Pero volvamos a la restricción de divisas. Si tomamos en cuenta que las reservas internacionales totales del BCRA muestran una caída mayor a los de US$1.400 millones desde el inicio del año, queda claro que los dólares que genera la balanza comercial no alcanzan para cubrir las necesidades (flujo) de la economía argentina. Y eso a pesar de que no se pagaron algunas obligaciones en moneda extranjera y del súper-recontra-cepo vigente. En cuanto al stock, las reservas del Central resultan aún más escasas dada la abundancia de pesos. Una abundancia algo contenida si sólo tomamos en cuenta la expansión de la base monetaria (en torno a los $370.000 millones en lo que va del año), pero que asusta cuando se mira el ritmo que tienen los pasivos totales del Central (base monetaria más instrumentos de absorción monetaria, es decir pases y LELIQ) que acumulan un incremento de más de $1,2 billones (más de tres veces el incremento de la base). Podría considerarse un mérito lo conseguido por la autoridad monetaria en materia de esterilización de la emisión de pesos (teniendo en cuenta que transfirió $1,3 billones al fisco y tuvo que pagar$345.000 millones en concepto de intereses sobre sus pasivos), pero lo que pasó con las LEBAC en 2018 es un ejemplo cercano de lo que puede suceder si se usa en exceso tal estrategia. Sobre todo cuando de aquí a fin de año habrá que emitir para financiar el déficit fiscal y pagar los intereses por pases y LELIQ otros $2 billones, el equivalente a 90% de la base monetaria actual.

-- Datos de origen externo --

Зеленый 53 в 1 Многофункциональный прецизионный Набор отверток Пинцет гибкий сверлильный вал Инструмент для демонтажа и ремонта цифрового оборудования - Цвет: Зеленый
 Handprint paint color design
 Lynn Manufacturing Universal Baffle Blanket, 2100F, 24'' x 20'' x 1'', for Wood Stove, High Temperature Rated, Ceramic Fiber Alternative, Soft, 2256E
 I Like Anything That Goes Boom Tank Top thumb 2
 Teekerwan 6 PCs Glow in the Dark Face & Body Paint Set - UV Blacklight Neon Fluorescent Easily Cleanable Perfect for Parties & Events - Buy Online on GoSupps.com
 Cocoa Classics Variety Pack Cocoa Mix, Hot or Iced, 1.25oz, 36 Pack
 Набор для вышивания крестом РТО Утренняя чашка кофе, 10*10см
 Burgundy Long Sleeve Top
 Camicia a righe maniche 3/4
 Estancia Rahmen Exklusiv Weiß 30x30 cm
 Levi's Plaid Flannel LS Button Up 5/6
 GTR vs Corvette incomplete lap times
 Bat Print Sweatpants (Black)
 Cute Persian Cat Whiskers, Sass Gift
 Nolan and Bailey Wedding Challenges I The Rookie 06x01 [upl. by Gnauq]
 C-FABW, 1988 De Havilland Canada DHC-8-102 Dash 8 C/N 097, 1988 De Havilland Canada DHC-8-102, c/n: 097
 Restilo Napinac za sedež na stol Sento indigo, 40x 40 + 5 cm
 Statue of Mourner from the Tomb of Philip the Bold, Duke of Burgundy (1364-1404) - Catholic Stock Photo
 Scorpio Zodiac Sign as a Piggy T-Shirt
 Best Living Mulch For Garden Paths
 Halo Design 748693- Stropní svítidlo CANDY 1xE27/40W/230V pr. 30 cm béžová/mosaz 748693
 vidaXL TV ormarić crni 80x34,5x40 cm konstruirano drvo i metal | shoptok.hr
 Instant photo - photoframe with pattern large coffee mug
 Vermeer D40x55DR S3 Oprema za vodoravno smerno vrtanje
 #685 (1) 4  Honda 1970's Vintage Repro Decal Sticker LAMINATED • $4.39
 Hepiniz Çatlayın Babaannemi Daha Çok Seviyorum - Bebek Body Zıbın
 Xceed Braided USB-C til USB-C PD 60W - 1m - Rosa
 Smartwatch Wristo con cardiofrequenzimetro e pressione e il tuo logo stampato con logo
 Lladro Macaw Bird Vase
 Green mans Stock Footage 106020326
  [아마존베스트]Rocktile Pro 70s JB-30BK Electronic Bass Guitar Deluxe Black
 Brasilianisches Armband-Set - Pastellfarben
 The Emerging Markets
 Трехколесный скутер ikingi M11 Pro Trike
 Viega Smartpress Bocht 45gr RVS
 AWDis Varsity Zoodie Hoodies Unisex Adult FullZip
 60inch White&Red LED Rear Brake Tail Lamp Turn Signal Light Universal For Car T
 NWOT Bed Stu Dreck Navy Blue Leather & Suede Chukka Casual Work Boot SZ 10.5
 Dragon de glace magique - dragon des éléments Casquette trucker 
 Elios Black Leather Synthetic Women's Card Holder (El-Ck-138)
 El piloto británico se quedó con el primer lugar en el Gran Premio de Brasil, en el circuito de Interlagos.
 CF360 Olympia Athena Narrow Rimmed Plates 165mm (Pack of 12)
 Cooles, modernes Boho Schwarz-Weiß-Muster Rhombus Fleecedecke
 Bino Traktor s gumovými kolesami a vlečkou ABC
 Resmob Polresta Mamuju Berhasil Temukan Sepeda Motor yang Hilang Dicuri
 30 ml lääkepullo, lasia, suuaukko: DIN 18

Con semejante expansión mediante, las expectativas apuntan a un deterioro adicional de la calidad del balance del BCRA, y no a una mejora del mismo. Lo que constituye un ticket seguro a más presiones sobre el tipo de cambio y los precios, independientemente de que existen quienes sostienen que el tipo de cambio real se ubica en un nivel adecuado.
¿Y entonces? El Gobierno debería trabajar de otra manera sobre las expectativas. No sirve apelar a la épica, o a conceptos que terminan vacíos de contenido cuando no se acompañan de políticas concretas que permitan un cambio efectivo de las dinámicas actuales. La consolidación fiscal, la sustentabilidad de la deuda, la recuperación del crecimiento y la reducción de la pobreza y el hambre no se alcanzan sólo porque se los enumere como objetivos de la gestión de un gobierno. Requieren de políticas concretas y de mucha consistencia entre esas políticas. Pero por sobre todas las cosas, requieren de una férrea voluntad de liderar y hacer y de no desperdiciar más tiempo en cuestiones que no forman parte de una agenda de crecimiento, ni de la agenda que espera la mayoría de los argentinos, ni de la de los que invierten o estarían dispuestos a hacerlo en la Argentina. De la pobreza no se vuelve y los costos de esta larga crisis se siguen encargando de comprometer el futuro de varias generaciones y no sólo el de las que hoy parecen dejarse llevar por una seductora y costosa procrastinación.